The entries that follow need to be printed exactly as they are, minus any pictures.

• Stored data entries:
____________________
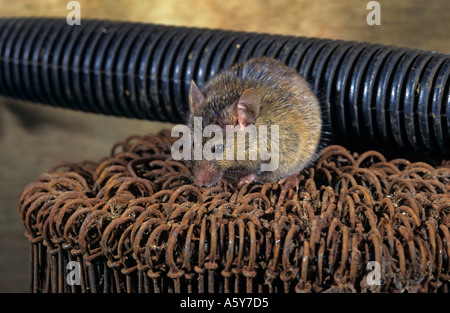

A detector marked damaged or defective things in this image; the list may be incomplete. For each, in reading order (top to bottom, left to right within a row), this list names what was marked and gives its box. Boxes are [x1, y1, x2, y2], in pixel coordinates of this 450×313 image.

rusted wire mesh [17, 129, 450, 290]
rusty wire coil [17, 129, 450, 292]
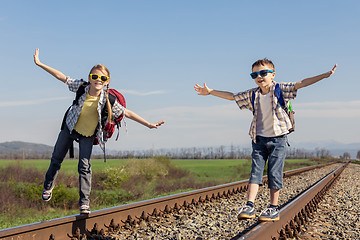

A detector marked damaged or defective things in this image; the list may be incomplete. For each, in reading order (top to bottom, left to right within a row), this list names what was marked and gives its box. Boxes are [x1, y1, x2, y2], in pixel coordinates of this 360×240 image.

rusty rail surface [0, 162, 338, 239]
rusty rail surface [235, 161, 348, 240]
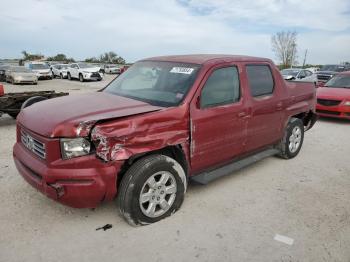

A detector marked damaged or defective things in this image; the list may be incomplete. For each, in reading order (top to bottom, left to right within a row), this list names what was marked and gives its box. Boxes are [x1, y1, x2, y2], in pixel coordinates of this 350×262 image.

crumpled hood [19, 91, 165, 137]
broken headlight [61, 137, 91, 160]
front-end collision damage [89, 111, 189, 164]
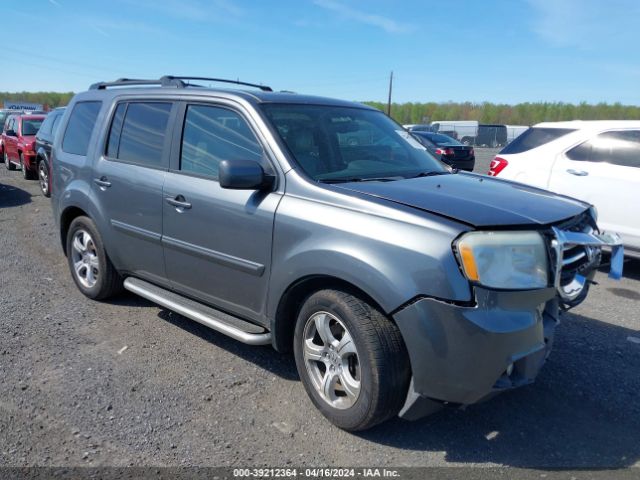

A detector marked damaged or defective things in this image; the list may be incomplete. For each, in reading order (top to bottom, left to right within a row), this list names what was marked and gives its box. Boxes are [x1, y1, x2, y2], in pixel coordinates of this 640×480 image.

cracked headlight [452, 232, 548, 288]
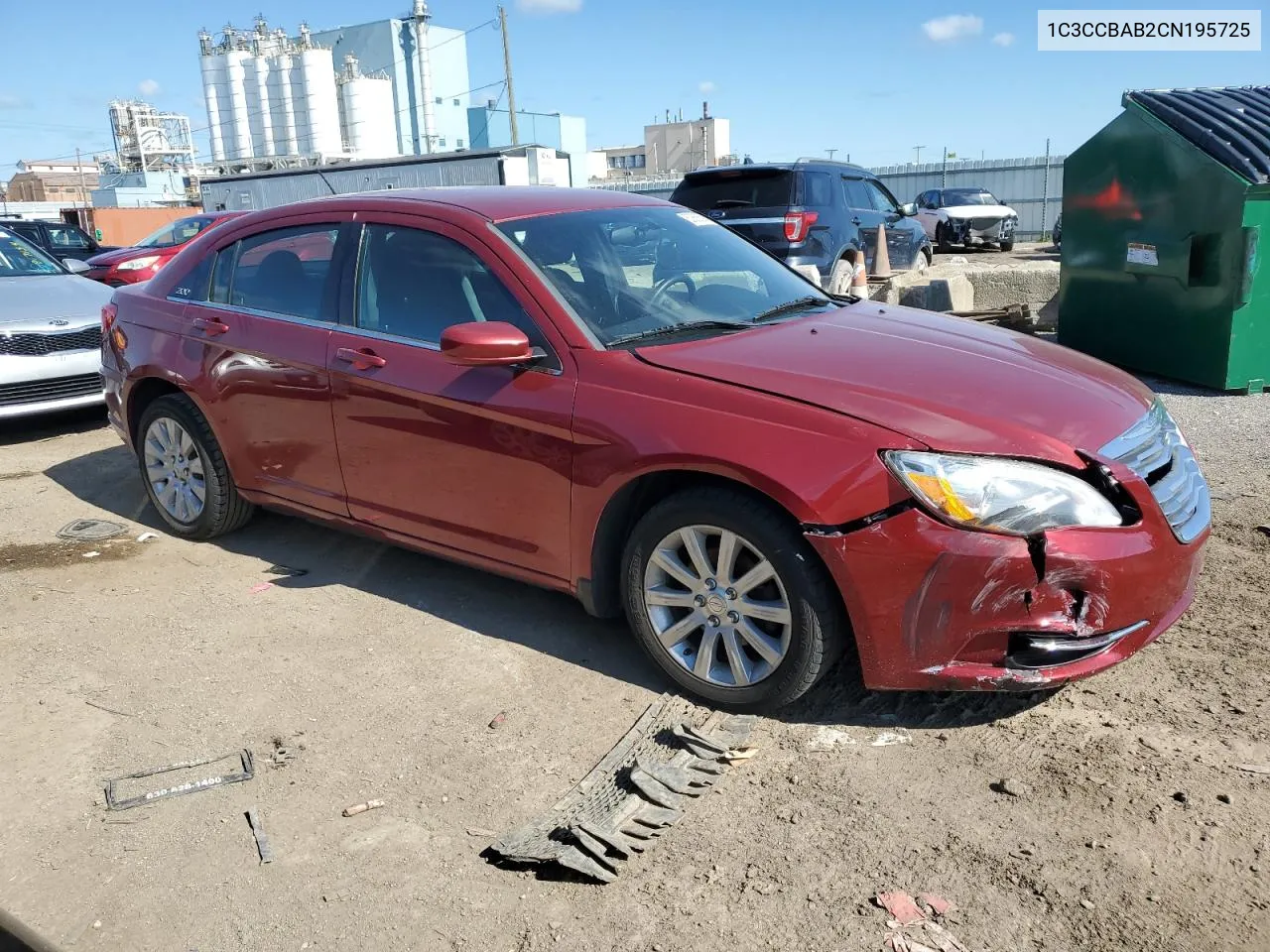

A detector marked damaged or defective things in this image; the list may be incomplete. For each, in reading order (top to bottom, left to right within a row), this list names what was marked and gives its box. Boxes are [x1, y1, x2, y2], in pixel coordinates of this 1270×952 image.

damaged red sedan [101, 187, 1206, 706]
broken headlight area [881, 452, 1119, 536]
cracked front bumper [810, 498, 1206, 690]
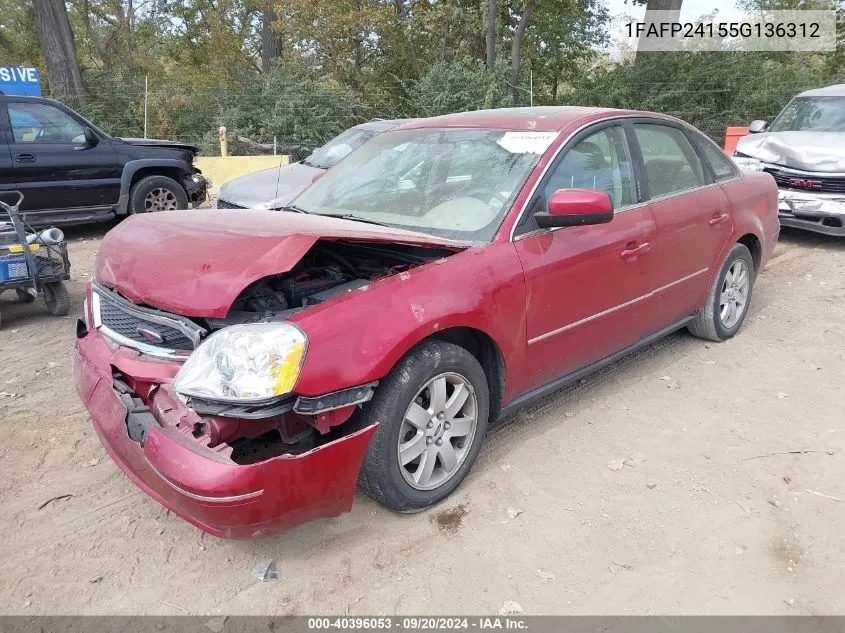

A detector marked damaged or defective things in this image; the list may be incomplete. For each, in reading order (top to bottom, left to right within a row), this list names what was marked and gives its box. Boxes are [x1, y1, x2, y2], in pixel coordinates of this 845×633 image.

crumpled front bumper [74, 326, 378, 540]
cracked headlight [171, 324, 306, 402]
damaged red sedan [74, 107, 780, 532]
crumpled front bumper [780, 189, 844, 238]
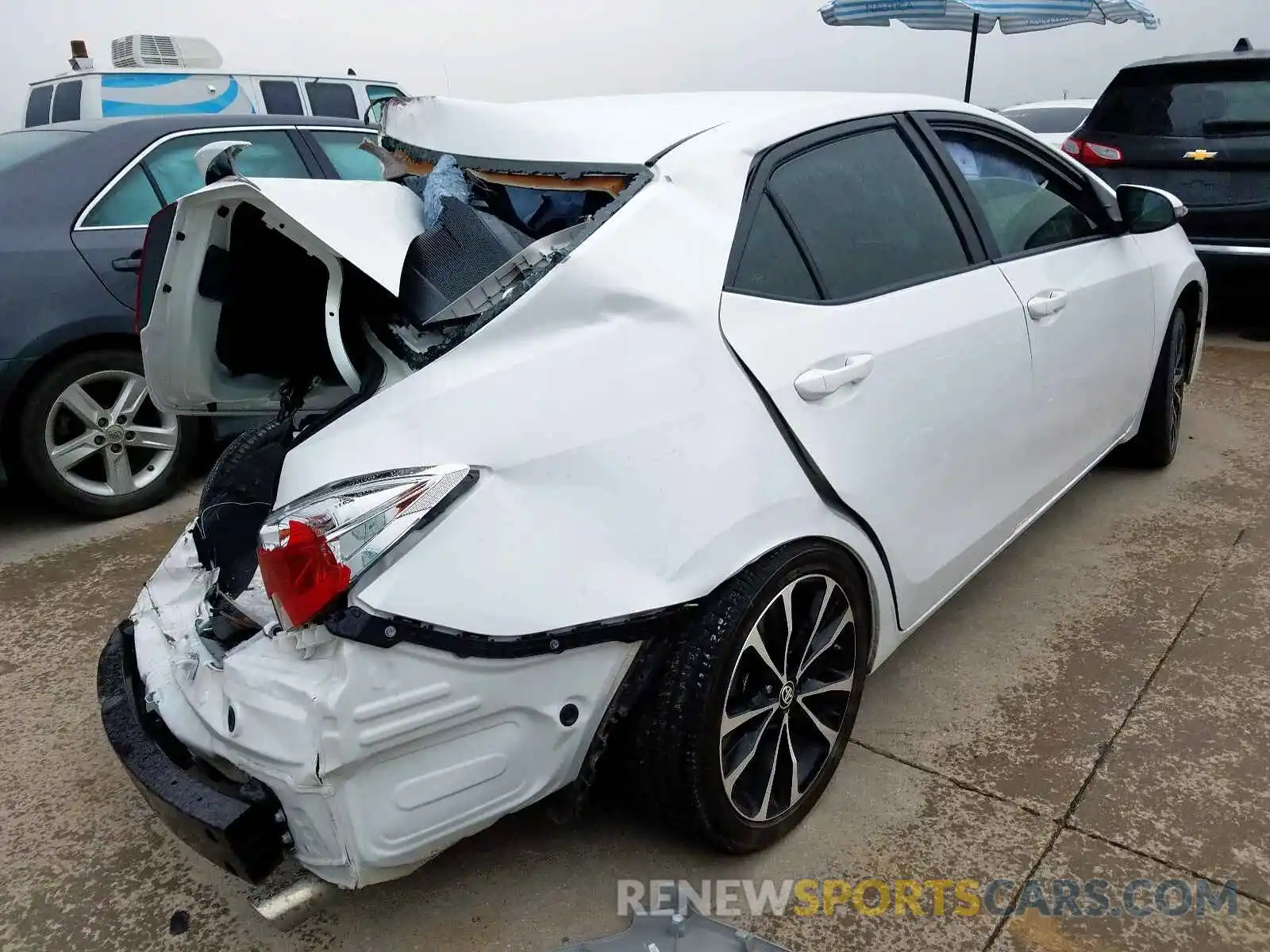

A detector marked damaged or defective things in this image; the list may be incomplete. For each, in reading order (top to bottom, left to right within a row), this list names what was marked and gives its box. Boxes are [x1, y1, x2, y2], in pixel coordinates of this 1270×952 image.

broken taillight [257, 463, 476, 628]
white damaged toyota corolla [97, 94, 1200, 901]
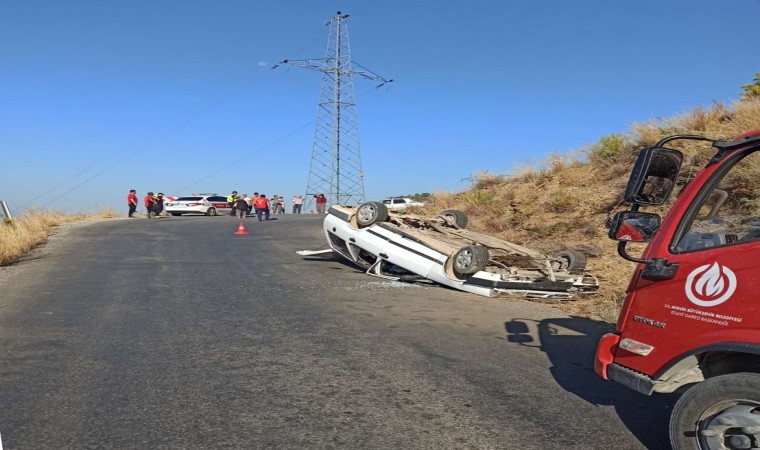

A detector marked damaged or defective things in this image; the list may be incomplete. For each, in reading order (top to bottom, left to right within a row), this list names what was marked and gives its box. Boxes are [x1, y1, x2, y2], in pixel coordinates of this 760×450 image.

overturned white car [300, 204, 596, 298]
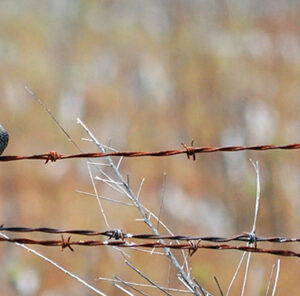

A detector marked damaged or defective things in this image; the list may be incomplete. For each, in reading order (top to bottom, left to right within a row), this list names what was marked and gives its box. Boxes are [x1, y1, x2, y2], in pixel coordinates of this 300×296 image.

rusty barbed wire [0, 142, 298, 163]
rusty barbed wire [0, 235, 298, 258]
rusty barbed wire [1, 228, 298, 244]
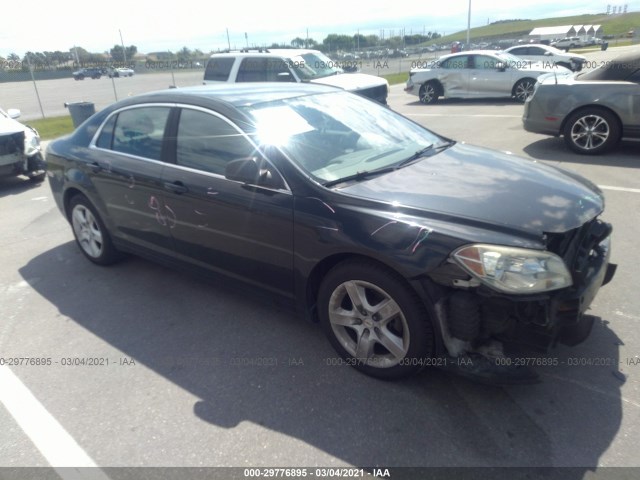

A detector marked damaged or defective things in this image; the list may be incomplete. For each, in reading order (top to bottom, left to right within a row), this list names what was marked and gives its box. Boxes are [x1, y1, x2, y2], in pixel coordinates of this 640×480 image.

damaged gray sedan [0, 107, 45, 182]
damaged gray sedan [45, 82, 616, 382]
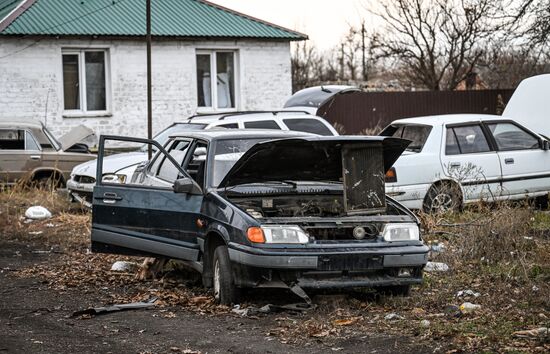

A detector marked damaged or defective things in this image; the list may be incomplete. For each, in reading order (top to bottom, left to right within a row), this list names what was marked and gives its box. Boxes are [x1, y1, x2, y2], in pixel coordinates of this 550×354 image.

damaged dark blue car [91, 130, 432, 304]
____________________
• REPLY TO THE EXERCISE:
A detector marked damaged or defective things in this image; the list may be incomplete. For each, in reading order (top to bottom, left to right within a row), this list names what was marked and gives its box. Boxes are [x1, y1, x2, y2], in pixel coordinates of this 450×313 image.

rusted wire mesh [17, 129, 450, 290]
rusty wire coil [17, 129, 450, 292]

A detector marked damaged or defective things in this image; the list may be incomplete. For each, in reading order (top to bottom, left to right within a row), this list names what was marked and gives its box. Boxes are [x1, y1, x2, y2], in pixel coordinates of this 360×240 image.

rusty rail surface [0, 162, 338, 239]
rusty rail surface [235, 161, 348, 240]

A detector marked damaged or defective things in this image; the list may be incomplete. For each, in reading order (top to bottom, left to right within a row), this list names what was marked and gives its box. Boxes are [x1, y1, x2, y2], in pixel coordinates of this 350×262 image.

crumpled hood [19, 91, 165, 137]
broken headlight [61, 137, 91, 160]
front-end collision damage [89, 111, 189, 164]

A detector marked damaged or defective things in this image; the list may be incomplete. For each, in reading order (top to bottom, left to right within a row), this list names what was marked and gives its box. Boxes are [x1, y1, x2, y2], in pixel coordinates of this 640×480 image.

cracked headlight [452, 232, 548, 288]

A detector marked damaged or defective things in this image; the list may be incomplete. For each, in reading order (top to bottom, left to right within a row), this list names what was marked and gives its box. Boxes are [x1, y1, x2, y2], in pixel coordinates of this 1270×952 image.

damaged red sedan [101, 187, 1206, 706]
broken headlight area [881, 452, 1119, 536]
cracked front bumper [810, 498, 1206, 690]

A detector marked damaged or defective things in this image; the list may be incomplete. For each, in reading order (top to bottom, left to right within a row), this list names what was marked and gives its box. Boxes are [x1, y1, x2, y2], in pixel coordinates of this 845×633 image.

crumpled front bumper [74, 326, 378, 540]
cracked headlight [171, 324, 306, 402]
damaged red sedan [74, 107, 780, 532]
crumpled front bumper [780, 189, 844, 238]

A detector marked damaged or defective things in this image; the list may be incomplete. For each, in reading order (top to bottom, left to right within a row), this list names what was marked and gives its box. Boxes are [x1, y1, x2, y2], in pixel coordinates of this 1270×952 image.

broken taillight [257, 463, 476, 628]
white damaged toyota corolla [97, 94, 1200, 901]

A detector marked damaged or defective things in this image; the list may be incomplete. For each, in reading order (top to bottom, left to right within a row), this list names what was marked and gives its box. Boxes are [x1, y1, x2, y2], in pixel coordinates of this 760×450 image.

overturned white car [300, 204, 596, 298]

A detector marked damaged or defective things in this image; the list may be incomplete. For each, in reading order (top to bottom, left to right within a row), this list names what was marked and gives its box. Boxes are [x1, y1, x2, y2], in pixel coordinates of this 300×296 image.

rusty barbed wire [0, 142, 298, 163]
rusty barbed wire [0, 235, 298, 258]
rusty barbed wire [1, 228, 298, 244]

A detector marked damaged or defective things in this image; the list may be incomplete. For each, in reading order (top to bottom, left to right within a row), this list names what was marked and gives its box. Boxes are [x1, y1, x2, y2], in pixel coordinates of this 640×480 image.

damaged gray sedan [0, 107, 45, 182]
damaged gray sedan [45, 82, 616, 382]

A detector marked damaged or defective things in this image; the list may be incomplete. For each, in reading order (top to bottom, left to right within a row), this list names what was marked and gives its box. Boxes are [x1, y1, x2, y2], in pixel coordinates of this 550×354 image.

damaged dark blue car [91, 130, 432, 304]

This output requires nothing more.